Berikutnya, saya terkagum dengan seorang raja trah Bali asli. Tiada lain, Sri Astasura Ratnabumi Banten. Beliau adalah raja dengan ideologi kebaliannya yang sangat kuat. Ajaran Bherawa Tantra mulai dibangkitkan kembali. Raja yang tidak pernah mau tunduk sama siapapun, tidak terkecuali Jawa. Baginya, Bali adalah negara yang berdaulat. Bali adalah bumi dimana pemujaan Bherawa dengan darah adalah tradisi aslinya. Darah dipersembahkan, seperti tumpukan bunga ratna yang berjejal dalam berkah kesuburan.
Beliau hebat dalam tapa. Sebab ajaran Tantra Heruka Bherawa dikuasainya dengan baik. Sehingga rakyat beliau memberikan gelar Sri Tapolung, penanda bahwa beliau mahir dalam tapa dan tirakat. Abdi beliau juga bukan orang sembarangan. Salah satunya Kebo Iwa yang paling ditakuti oleh negara lain. Patih sakti trah dari karang buncing. Beliau mahir segala bidang ilmu. Berikutnya, Ki Pasung Gerigis, Ki Walung Singkal, Ki Tambyak, Ki Gudug Basur, Ki Kopang, dan Ki Tunjung Tutur. Demikianlah deretan patih sakti yang menjadi bawahan raja.
Dilihat dari nama patih, dapat dipastikan mereka adalah para penganut Bherawa yang taat.
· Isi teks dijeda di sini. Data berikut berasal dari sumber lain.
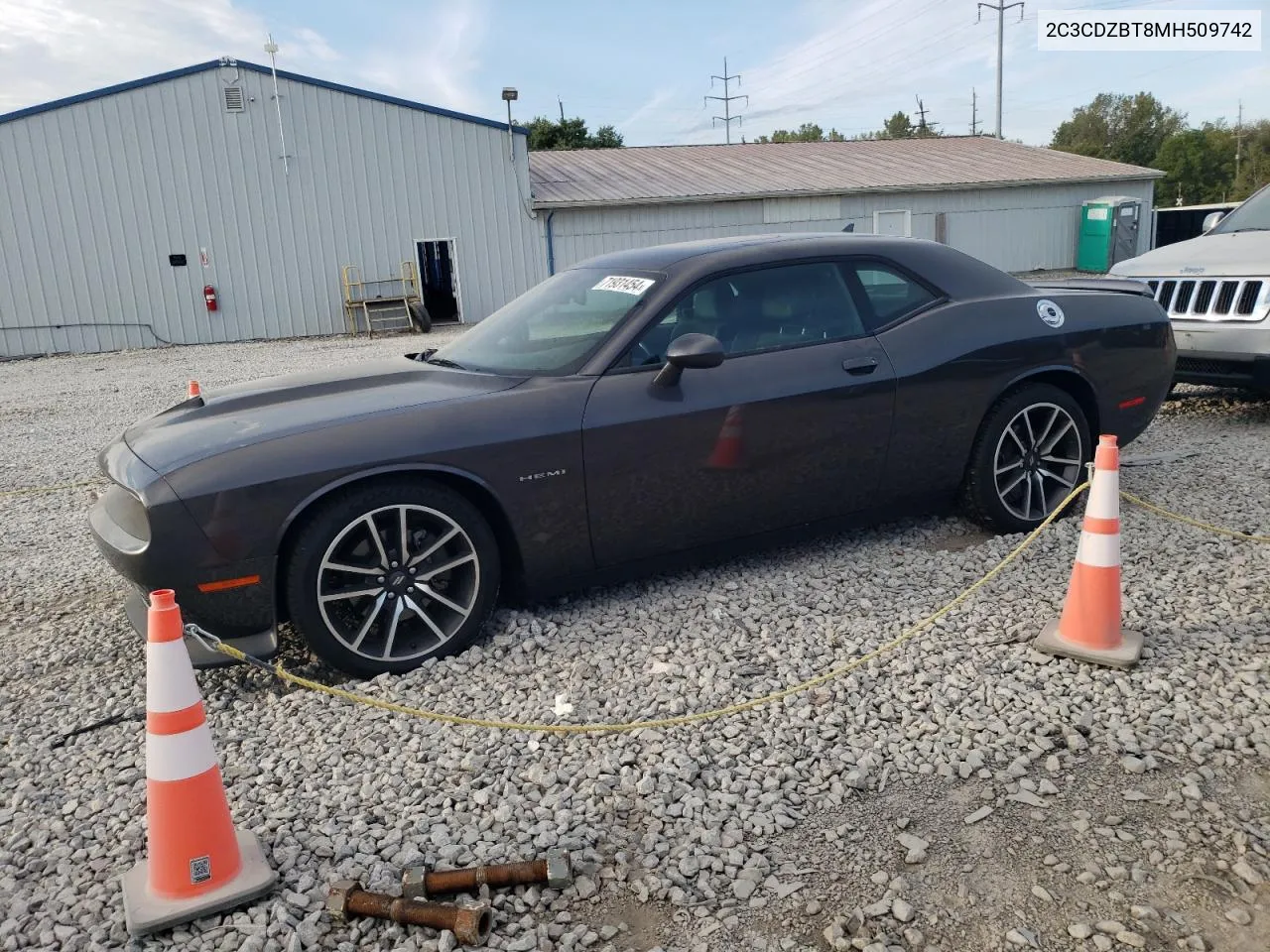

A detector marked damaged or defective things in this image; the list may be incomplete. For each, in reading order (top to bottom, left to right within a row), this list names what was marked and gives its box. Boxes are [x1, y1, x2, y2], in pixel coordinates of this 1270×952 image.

rusty bolt [401, 853, 576, 898]
rusty bolt [322, 878, 490, 949]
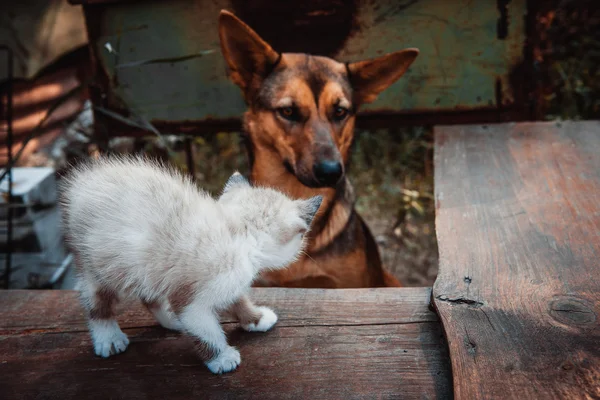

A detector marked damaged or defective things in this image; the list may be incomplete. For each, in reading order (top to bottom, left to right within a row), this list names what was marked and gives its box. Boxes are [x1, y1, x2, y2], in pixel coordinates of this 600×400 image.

rusty metal wall [74, 0, 528, 135]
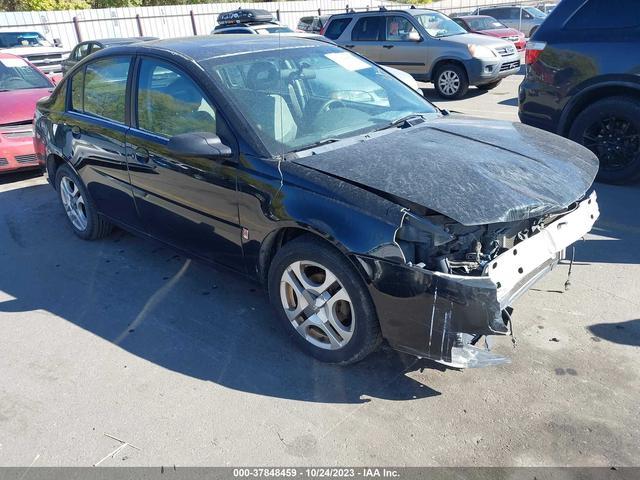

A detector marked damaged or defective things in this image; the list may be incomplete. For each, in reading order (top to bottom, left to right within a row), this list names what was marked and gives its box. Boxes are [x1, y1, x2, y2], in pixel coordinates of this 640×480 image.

crumpled hood [292, 116, 600, 225]
damaged front end [358, 190, 596, 368]
broken headlight area [370, 190, 600, 368]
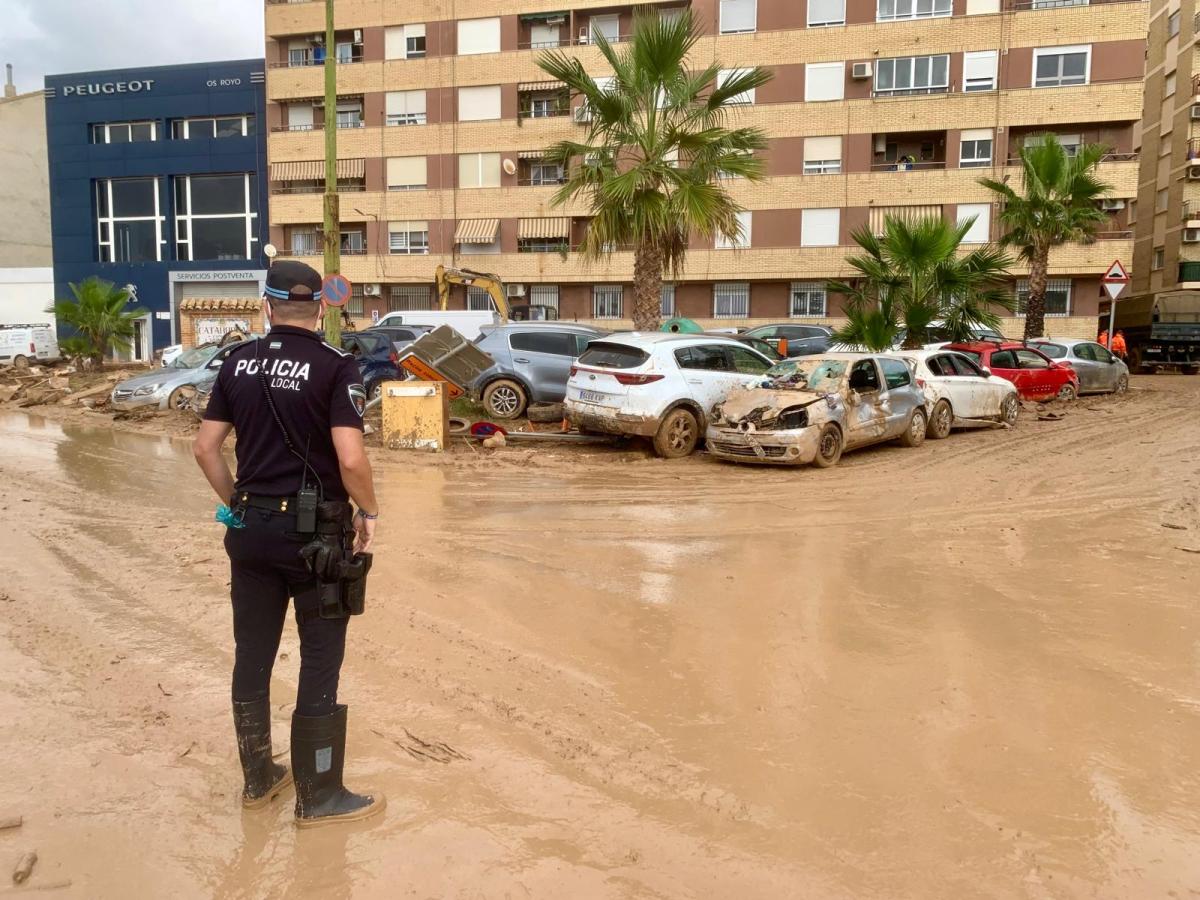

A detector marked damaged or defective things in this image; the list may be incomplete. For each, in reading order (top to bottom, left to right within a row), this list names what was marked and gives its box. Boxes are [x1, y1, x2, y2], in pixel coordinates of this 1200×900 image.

crushed car hood [712, 388, 836, 428]
damaged white car [708, 356, 932, 468]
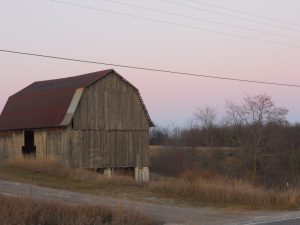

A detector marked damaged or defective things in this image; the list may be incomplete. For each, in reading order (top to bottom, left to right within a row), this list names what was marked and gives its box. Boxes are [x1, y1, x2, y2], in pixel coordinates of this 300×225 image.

rusty metal roof [0, 69, 154, 131]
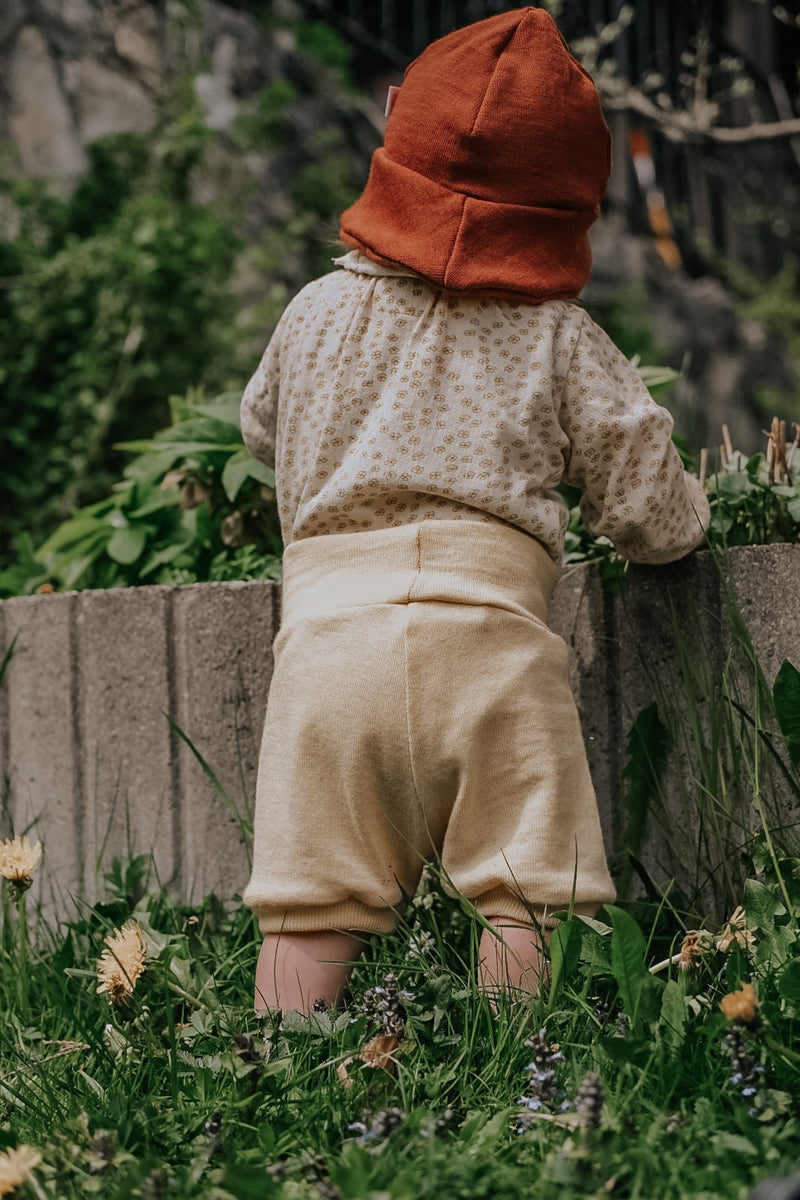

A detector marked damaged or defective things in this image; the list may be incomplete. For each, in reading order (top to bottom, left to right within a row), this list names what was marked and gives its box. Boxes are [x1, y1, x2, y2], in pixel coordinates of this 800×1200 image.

rust knit bonnet [340, 6, 609, 304]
Hingga akhirnya, ajaran ini tidak dikehendaki untuk berkembang pesat. Maka, Gajah Mada pun sangat reaktif. Berdalih misi palapa, ia menyerang Bali. Tujuanya jelas, menenggelamkan tradisi Bherawa. Sebab Bali akan menjadi tandingan Majapahit sebagai negara digjaya. Singkatnya, Bali ditaklukan meskipun trah Bali Mula Bali Aga tidak pernah merasa ditaklukan. Meskipun dalam penaklukan itu, wacana kuasa digelar dalam kelakar sang penguasa. Kebesaran raja Bali didekatkan dengan wacana nyeleneh sosok Mayadanawa, yakni raja lalim tidak percaya pada dewa dan berupacara. Padahal, hal ang demikian adalah cara Bherawa dalam mencapai kelepasan. Percaya para Dewa dan berupacara adalah cara beragama luaran, dan Heruka harus melihat ke dalam diri. Lepaskan semua keterikatan.
Menariknya bukan terletak pada penaklukan itu. Tetapi, kemana beliau Sang Raja Sri Astasura Ratnabumi Banten?


Share on Google Plus

wak laba

This is a short description in the author block about the author. You edit it by entering text in the "Biographical Info" field in the user admin panel.
    Blogger Comment
    Facebook Comment

0 comments:

Post a Comment

http://waklaba.blogspot.com/. Powered by Blogger.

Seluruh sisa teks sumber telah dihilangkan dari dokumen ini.